Take Care International Foundation

Meet the Delhi Teen Who Turned a School Trip Into an AI Innovation

She Saw Trash Everywhere. At 17, She Built an AI Robot to Fix It.

Most people walked past the litter.

She stopped, asked why it was there, and decided to build a solution.

What began as an ordinary school trip has now turned a Delhi teenager into one of India’s youngest AI innovators.

At just 17 years old, Mahi Malhani has created TRASHbot an AI-powered robot that can collect, identify, and sort waste with nearly 90% accuracy. What started as a simple observation inside Delhi’s Sundar Nursery is now evolving into a technology that could change how homes, schools, and residential communities manage waste.

The idea first struck Mahi during a school visit to the heritage park in 2023. While classmates admired the beautiful landscapes and restored monuments, she noticed something that many people ignored plastic wrappers, bottles, and food waste scattered across the ground, often only a few steps away from dustbins.

Instead of blaming careless visitors, she focused on a bigger question.

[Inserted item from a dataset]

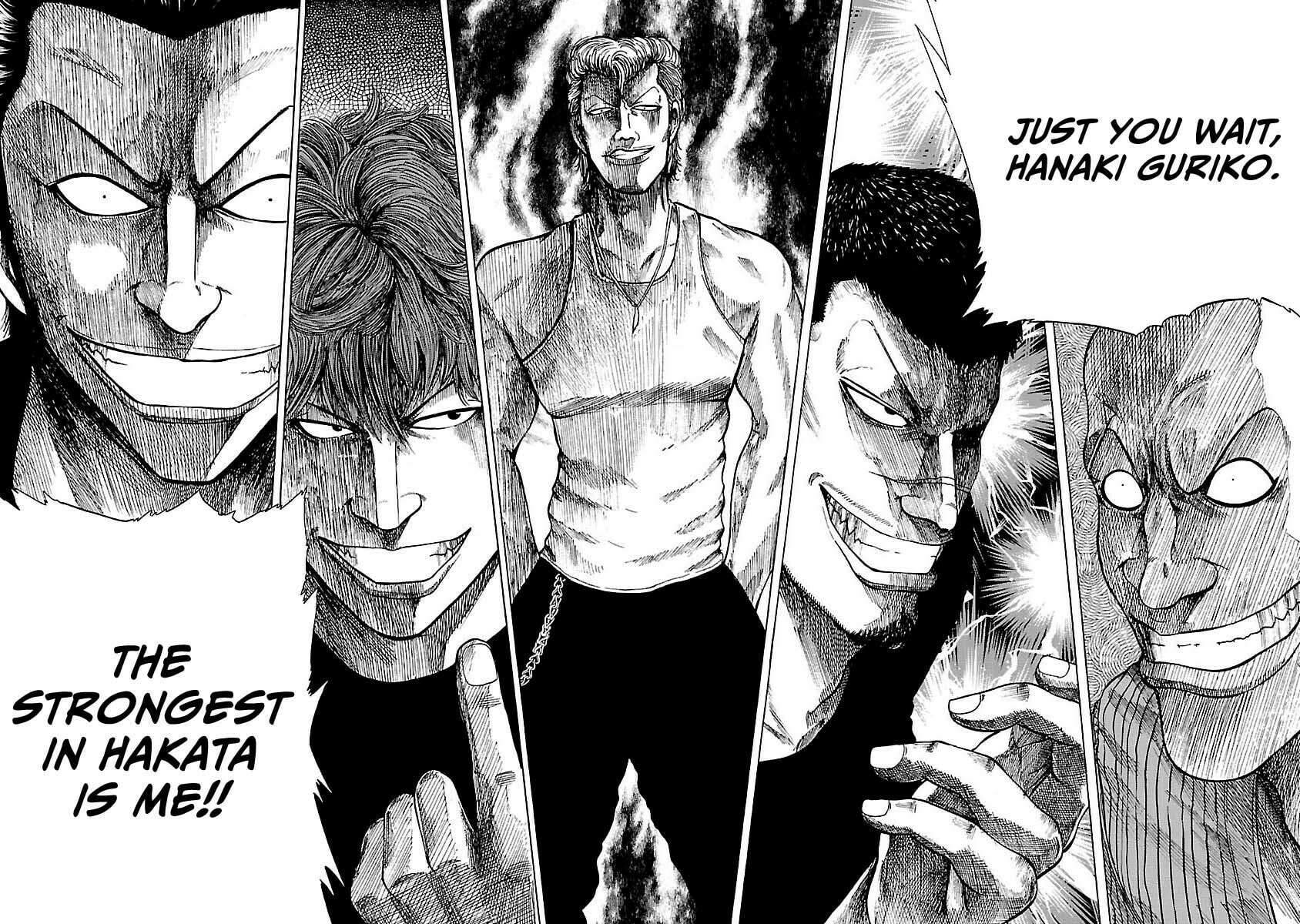 Worst Gaiden Guriko Chapter 5 page 12 -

Why do people still litter when bins are right beside them?

She believed the answer wasn’t just about awareness. It was about convenience.

“If technology can make life easier in almost every area, why can’t it make responsible waste disposal easier too?” she thought.

That single question became the foundation of TRASHbot.

Unlike a regular waste bin, TRASHbot is designed to actively collect waste and intelligently sort it using artificial intelligence. By combining robotics, computer vision, and automation, the robot helps reduce manual effort while encouraging better waste management.

The journey, however, wasn’t as simple as building a machine.

Mahi had always loved technology. She spent years exploring programming languages like Python, C++, and JavaScript while taking apart old electronic devices just to understand how they worked. Her curiosity gradually shifted from coding software to building machines capable of solving real-world problems.

Once the idea was clear, she spent months researching waste management systems, sketching designs, and studying how autonomous robots operate.

To strengthen her knowledge, she later joined a summer robotics programme at Rancho Labs, an IIT Delhi-based robotics and IoT initiative. There, she received valuable technical guidance from experienced mentors while continuing to build the project independently. Her school computer teacher and robotics mentors helped refine the concept, but the vision and the prototype remained entirely her own.

Today, TRASHbot is already being tested in schools, homes, and residential societies, demonstrating how artificial intelligence can make waste disposal smarter, cleaner, and more efficient.

India produces an enormous amount of solid waste every single day, making better waste management one of the country’s biggest environmental challenges. For Mahi, technology isn’t just about innovation—it’s about creating practical solutions that improve everyday life.

At an age when many teenagers are still deciding what career to pursue, she’s already proving that meaningful innovation doesn’t require decades of experience.

Sometimes, all it takes is noticing a problem everyone else has learned to ignore.

And having the courage to build the solution yourself.